Exeter School hosts joint lecture
Exeter School hosted a joint local Geographical Association/South West Region Royal Geographical Society evening lecture attended by RGS members and over 100 pupils and parents from Exeter School, King’s Taunton, Taunton School and King Alfred’s School in Burnham on Sea.
Attended by 119 people, the lecture was given by Dr Stewart Barr, senior lecturer in the geography department at Exeter University, on 7 October.
Entitled ‘Are You Doing Your Bit? Environmental Responsibility in an Age of Anthropogenic Climate Change’, this was a fascinating and challenging lecture which focused on the motivations and barriers encountered by individuals for adopting more ‘sustainable’ forms of behaviour.
Dr Barr began by asking the audience to discuss and consider what leading a ‘good life’ means, and he then presented us with a paradox: as society becomes richer we are not necessarily becoming any happier.
His lecture covered a range of ideas including the economic growth model and the extent to which our society is built around the consumption of oil, a dwindling resource. He discussed the way in which oil has allowed us a way of life that was unimaginable 100 years ago. To illustrate this he just looked at the distance that some people had travelled to attend the lecture (from Plymouth, Burnham on Sea, Tavistock and Sidmouth).
Ways to promote the behavioural shifts necessary for creating a 'sustainable society' were considered. We were encouraged to consider who was responsible for management of the environment and the point was made that increasingly, responsibility is devolved to us, as citizens and consumers.

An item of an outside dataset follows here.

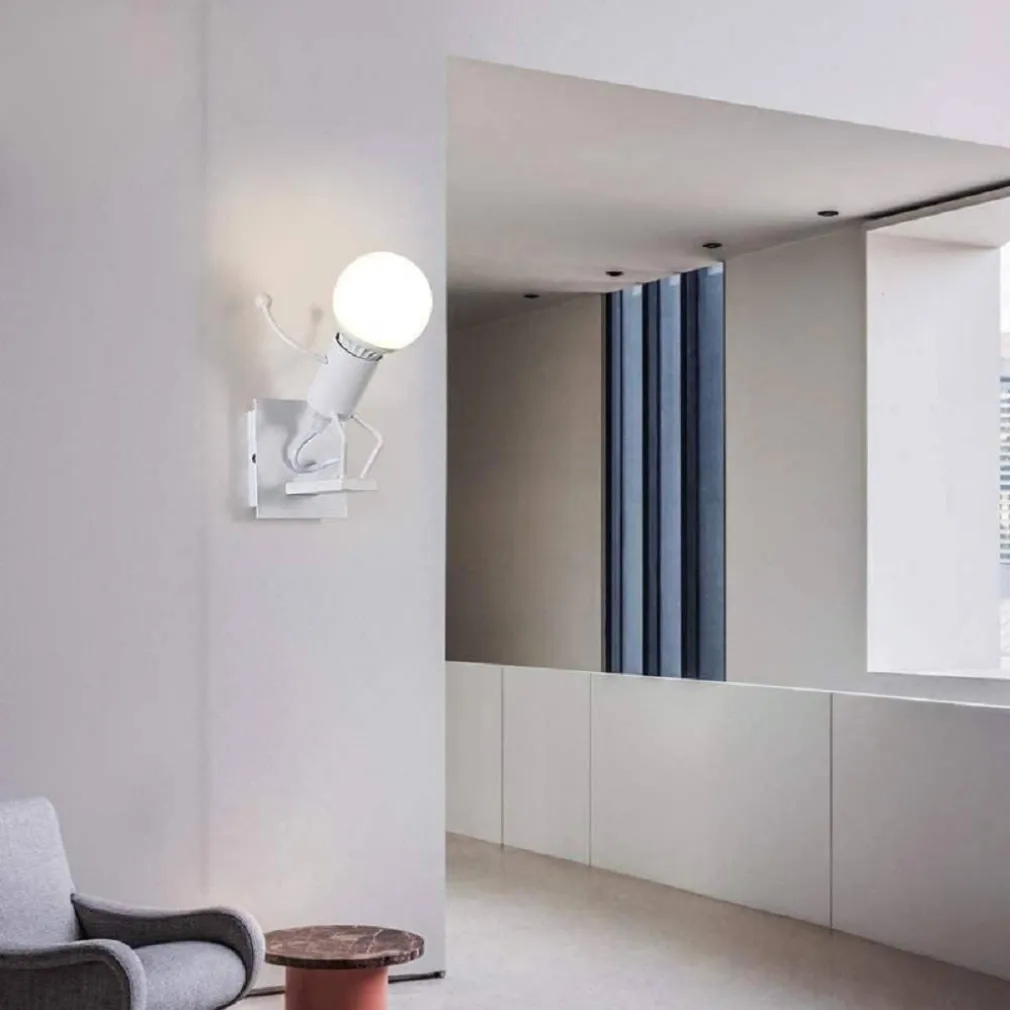 APPLIQUE DA PARETE DECORATIVO FORMA OMINO CHE SALTA IN METALLO ATTACCO E27 AQ50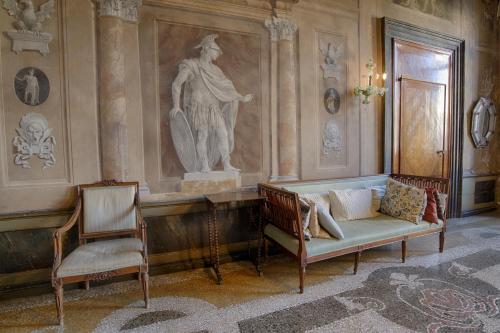 Vintage Venice Apartment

Through a critical approach to the links between sustainability, policy and citizen engagement, he argued that sustainability policy needs to move towards using the well-known technique of social marketing. This, he argued is likely to be the only effective means of engaging the majority of citizens in the environmental debate, given the major influence of the consumer society on individual aspirations and beliefs.
Mrs Helen Sail, Head of Geography at Exeter School and secretary of the local Geographical Society said: “The questions asked by pupils at the end of the talk showed that the audience had engaged at a high level with the lecture and pupils stayed behind to ask questions and discuss the implications of his ideas.”